WHAT IS EXPECTED: Reproduce the listing below in full and exactly; no pictures belong in the copy.

COLLECTED DATA:

□ □ □ □

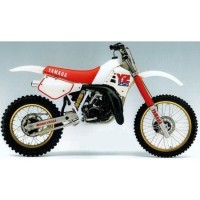 Yamaha 250 YZ 1987
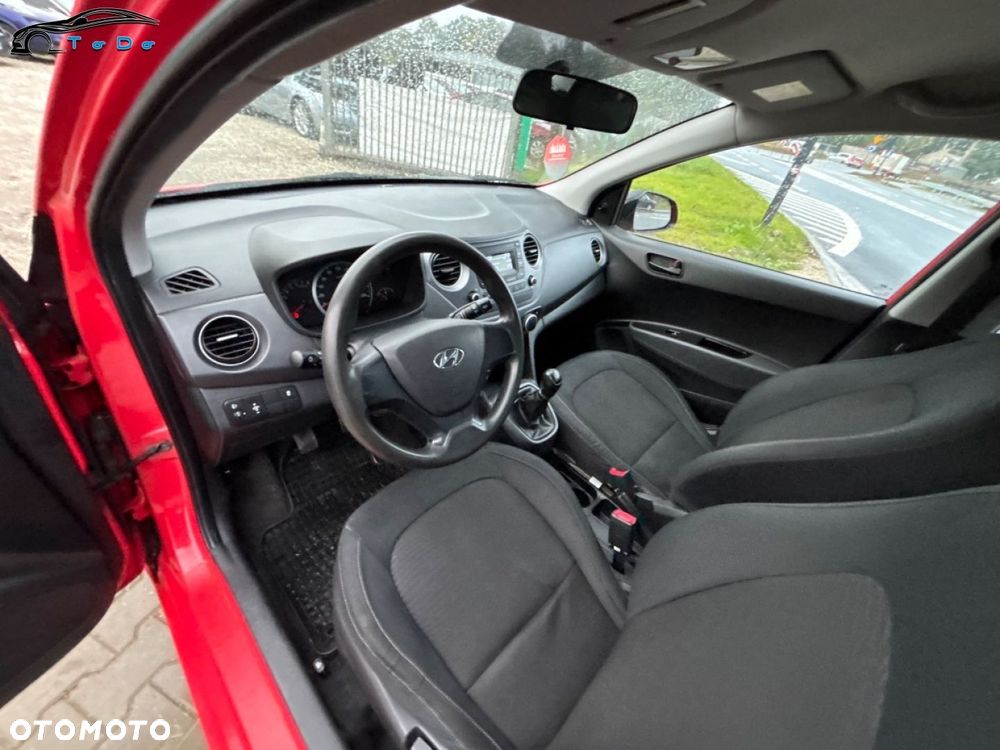 Hyundai i10 1.0 Passion Plus - 19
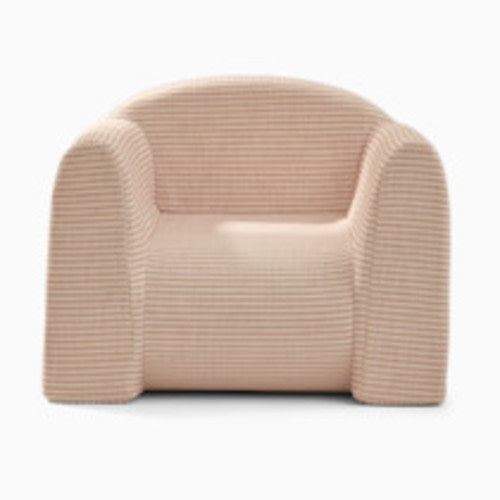 House of Noa Play Chair - Finley Ivory & Petal, Small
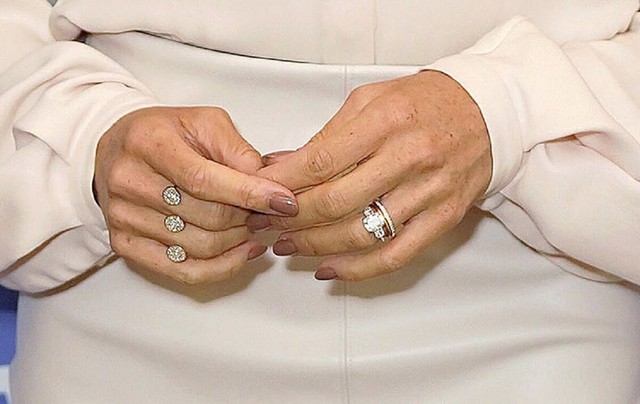Những người hâm mộ Meghan Markle "phát cuồng" vì 1 điều- Ảnh 3.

□ □ □ □

ANSWER TO THIS TASK:
 Yamaha 250 YZ 1987
 Hyundai i10 1.0 Passion Plus - 19
 House of Noa Play Chair - Finley Ivory & Petal, Small
Những người hâm mộ Meghan Markle "phát cuồng" vì 1 điều- Ảnh 3.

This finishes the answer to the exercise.